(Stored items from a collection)
*-*-*

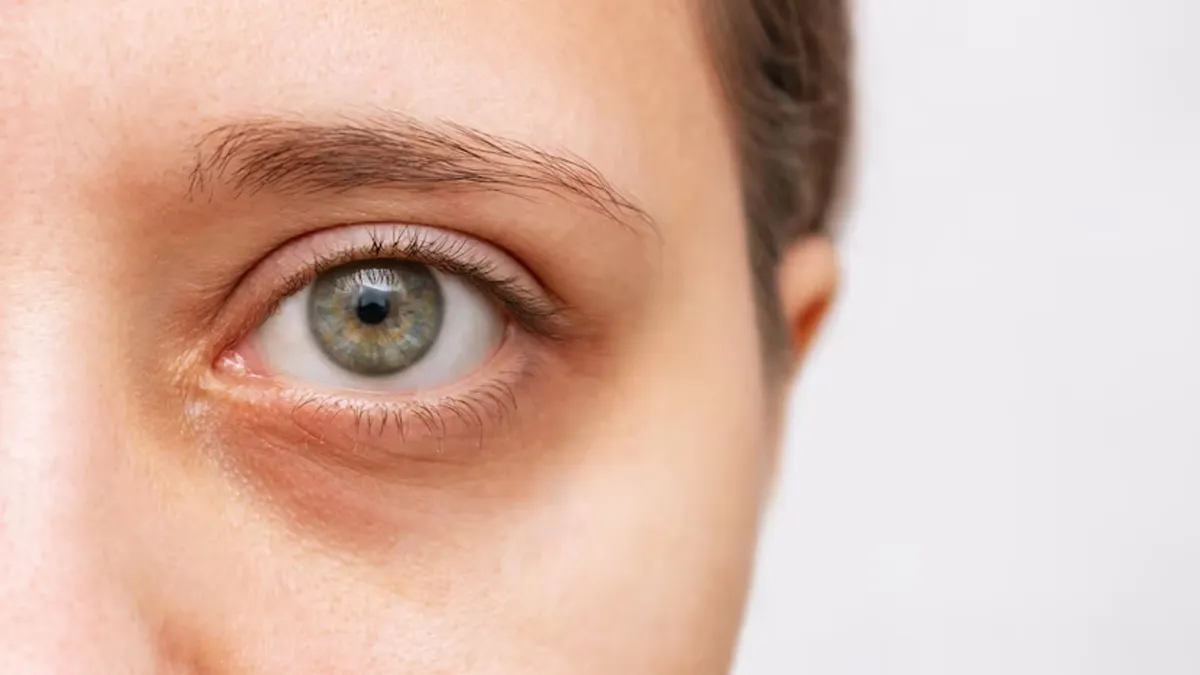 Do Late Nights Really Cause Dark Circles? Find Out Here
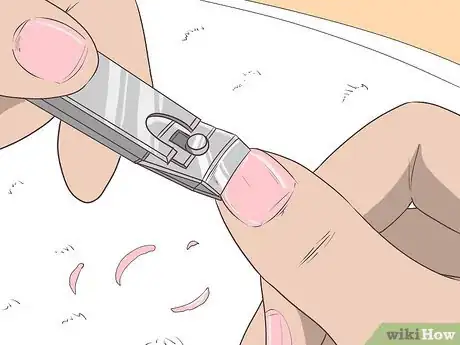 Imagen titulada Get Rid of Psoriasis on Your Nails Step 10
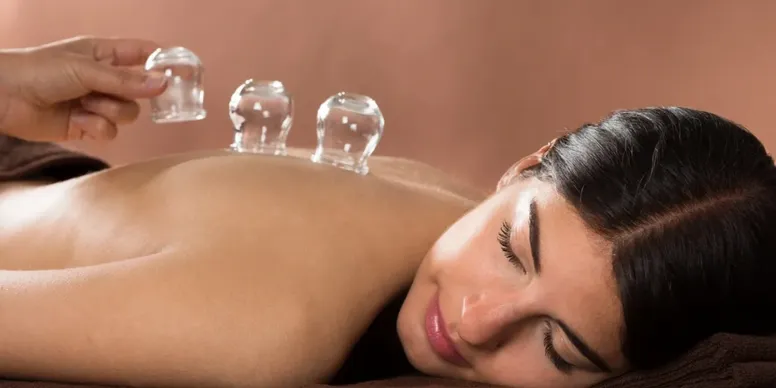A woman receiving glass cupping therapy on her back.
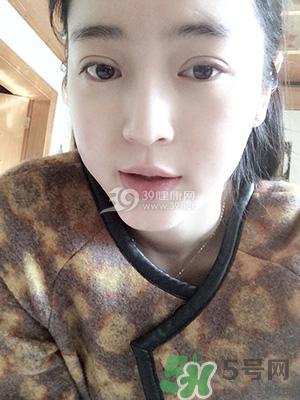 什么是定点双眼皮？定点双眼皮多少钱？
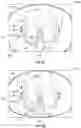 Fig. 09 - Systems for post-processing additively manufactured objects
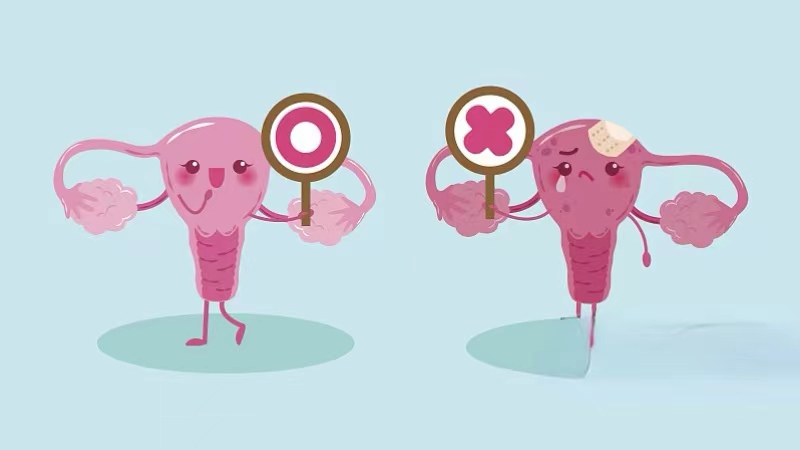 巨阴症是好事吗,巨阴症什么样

*-*-*

Exercise instructions — Output every entry verbatim but skip the pictures.

Exercise solution —
 Do Late Nights Really Cause Dark Circles? Find Out Here
 Imagen titulada Get Rid of Psoriasis on Your Nails Step 10
A woman receiving glass cupping therapy on her back.
 什么是定点双眼皮？定点双眼皮多少钱？
 Fig. 09 - Systems for post-processing additively manufactured objects
 巨阴症是好事吗,巨阴症什么样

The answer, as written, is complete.